_THE TASK_
Retype exactly the lines from the one containing "Stihl RE 170 PLUS" through the last line of the records below, including both, and leave out any pictures.
^^^^^^^^^^^^^^^^
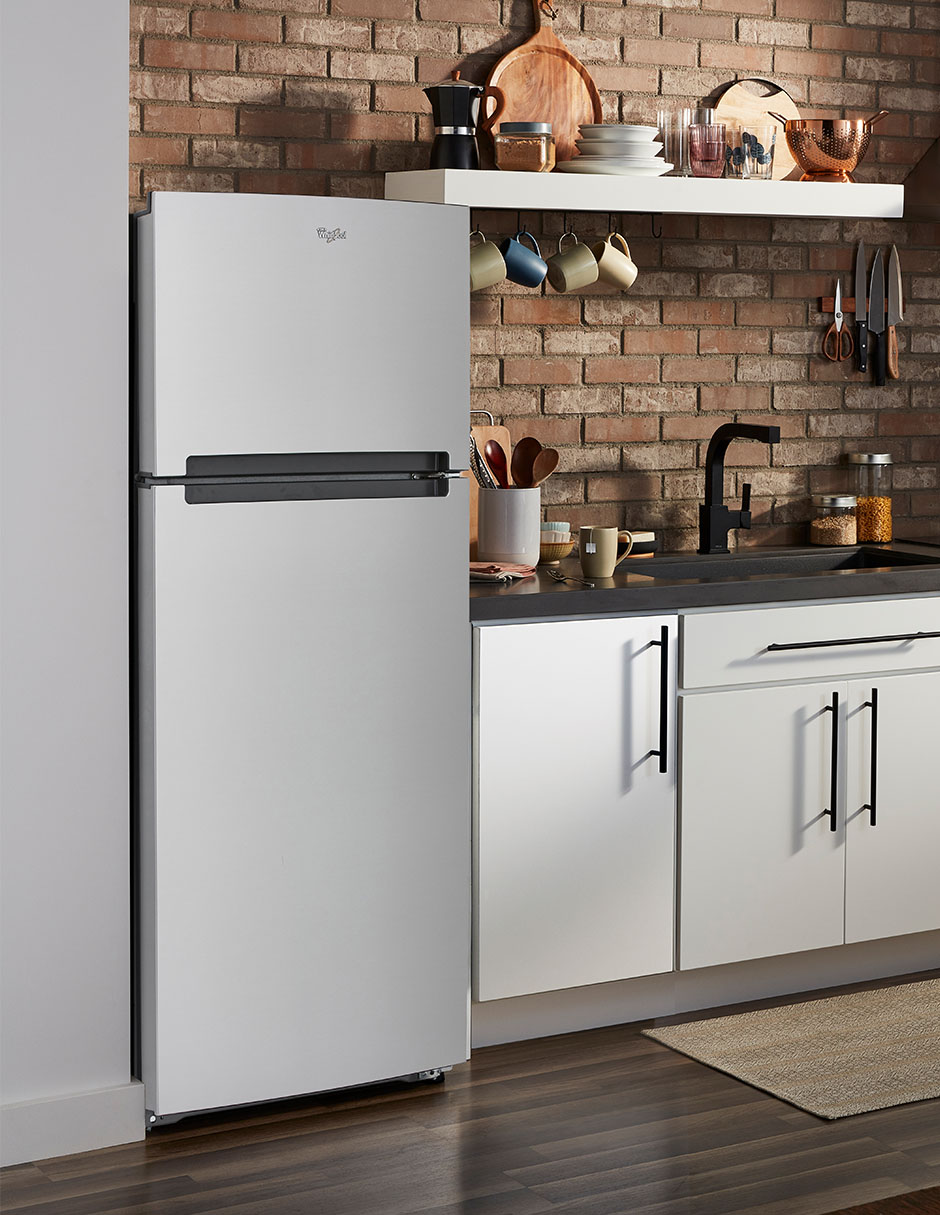 Refrigerador Bottom mount 18 pies WT1818A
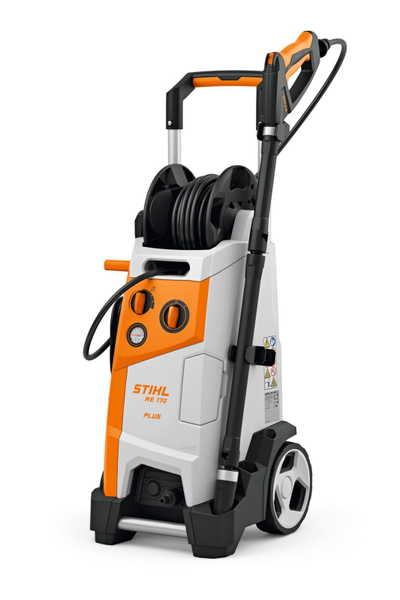 Stihl RE 170 PLUS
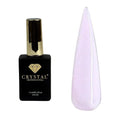 Base Shimmer 12ml. Crystal Professional №1, HEMA & TPO Free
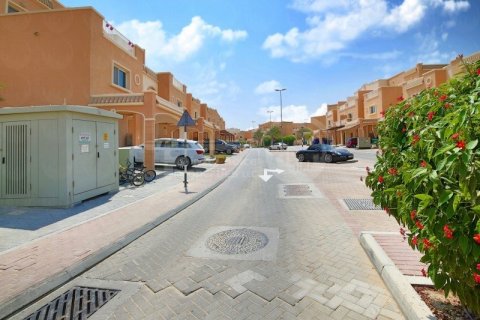 3 غرف نوم فيلا في Al Reef, الإمارات العربية المتحدة رقم 12352 16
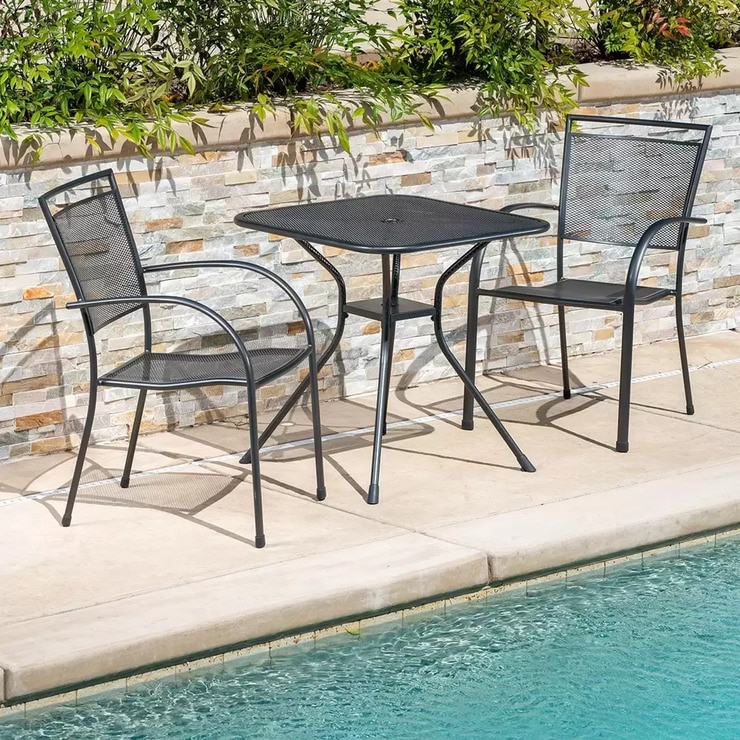 선빌라 메쉬 테이블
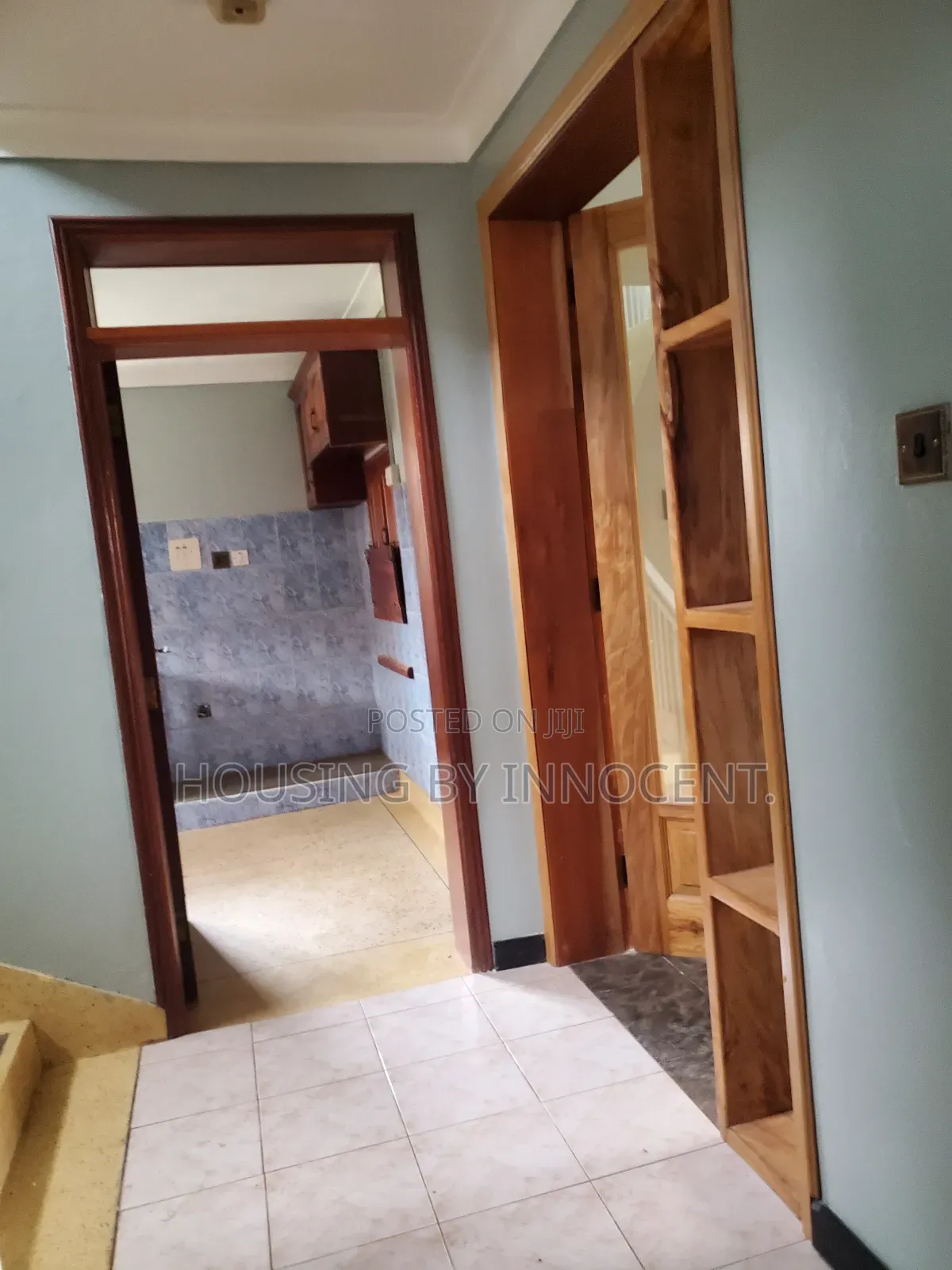 5bdrm Apartment in Bukoto Princess, Central Division for rent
^^^^^^^^^^^^^^^^
_WRITTEN SOLUTION_
 Stihl RE 170 PLUS
 Base Shimmer 12ml. Crystal Professional №1, HEMA & TPO Free
 3 غرف نوم فيلا في Al Reef, الإمارات العربية المتحدة رقم 12352 16
 선빌라 메쉬 테이블
 5bdrm Apartment in Bukoto Princess, Central Division for rent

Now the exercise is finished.